End users are sometimes perplexed as to why they cannot simply “download” the JPEG file of a photo in a PDF, or extract a font from PDF viewing software, yet they might be able to extract the embedded spreadsheet they’d attached. If your role relates to digital preservation or file forensics then accurately understanding the kinds of data that can be in a PDF and how it is stored can be very important.
This article aims to explain the different ways by which PDF stores “files”.
Metaphors
The PDF specification, ISO 32000, establishes processing requirements for page rendering, but does not constrain how PDF viewing software might present other features to users. Software is free to choose terminology and user interface metaphors most appropriate to its users.
Diverse interfaces foster various end-user understandings of what “files” exist inside any given PDF. This is especially true when we consider the many similar terms in use. Understandings differ or are ambiguous for end users depending on their background, and the terms themselves may have different technical meanings. Some of these terms used to describe “files” in the PDF context include:
- File
- Embedded file
- File attachment
- Image file
- Asset
- Collection
- Portfolio
- Package
- Related file
- Associated file
- Stream
- File specification
This variety of terms can be very confusing, and can lead to misunderstandings. Ideally, vendors should provide clear documentation on their use of terminology.
Files are streams, but streams are not always files
PDF is an object-based page description language. For this discussion, the two primary types of objects related to “files inside PDF” are stream objects and file specification dictionaries.
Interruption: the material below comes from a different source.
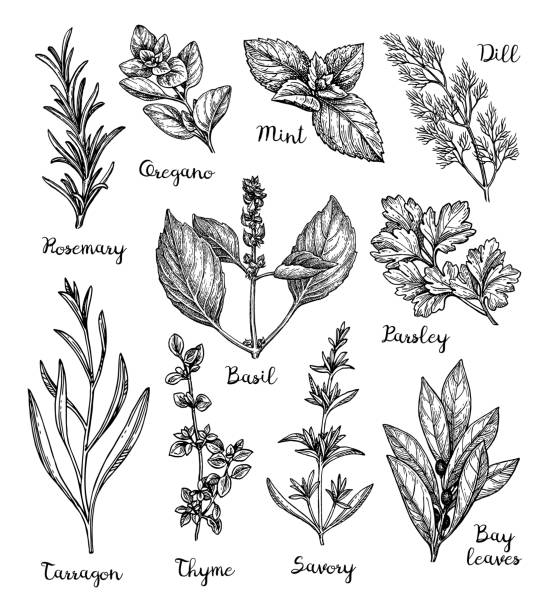 ilustrações, clipart, desenhos animados e ícones de ervas esboçar o conjunto. - oregano rosemary healthcare and medicine herb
One of PDF’s nine basic object types, PDF stream objects (ISO 32000-2:2020, subclause 7.3.8) define a sequence of bytes stored in the PDF. Streams can contain any type of data, are often compressed, and can be encrypted. They are used for content streams (drawing commands), images, fonts, ICC color profiles, metadata, and more, but not all these formats are necessarily valid independent external files in addition to their role(s) in PDF.
A PDF File Specification dictionary (ISO 32000-2:2020, 7.11) is a PDF dictionary object that defines the details of what can be thought of as a conventional file, including a file name, and information about where the files’ data resides, either embedded inside the PDF file as a separate embedded file stream object, or externally on the local file system or via a URL.
Accordingly, all embedded files in a PDF are stored as streams, but not all streams are necessarily files.
My image is no longer a file?
A confusing situation for many end users is when an image file (e.g. a JPEG photo) is converted to a PDF, such as via a “Convert to PDF” command. With HTML, for example, image files are simply referenced via their URL, but in PDF images are commonly represented by Image XObjects which are special kinds of data streams containing the bitmap data; the image width, height, bit depth, color information, etc. - they are no longer “files” from a PDF viewpoint. To paint the image onto the PDF page, Image XObjects are referenced by a Do operator using the current transformation matrix, allowing Image XObjects to be positioned, reused, scaled, skewed, etc.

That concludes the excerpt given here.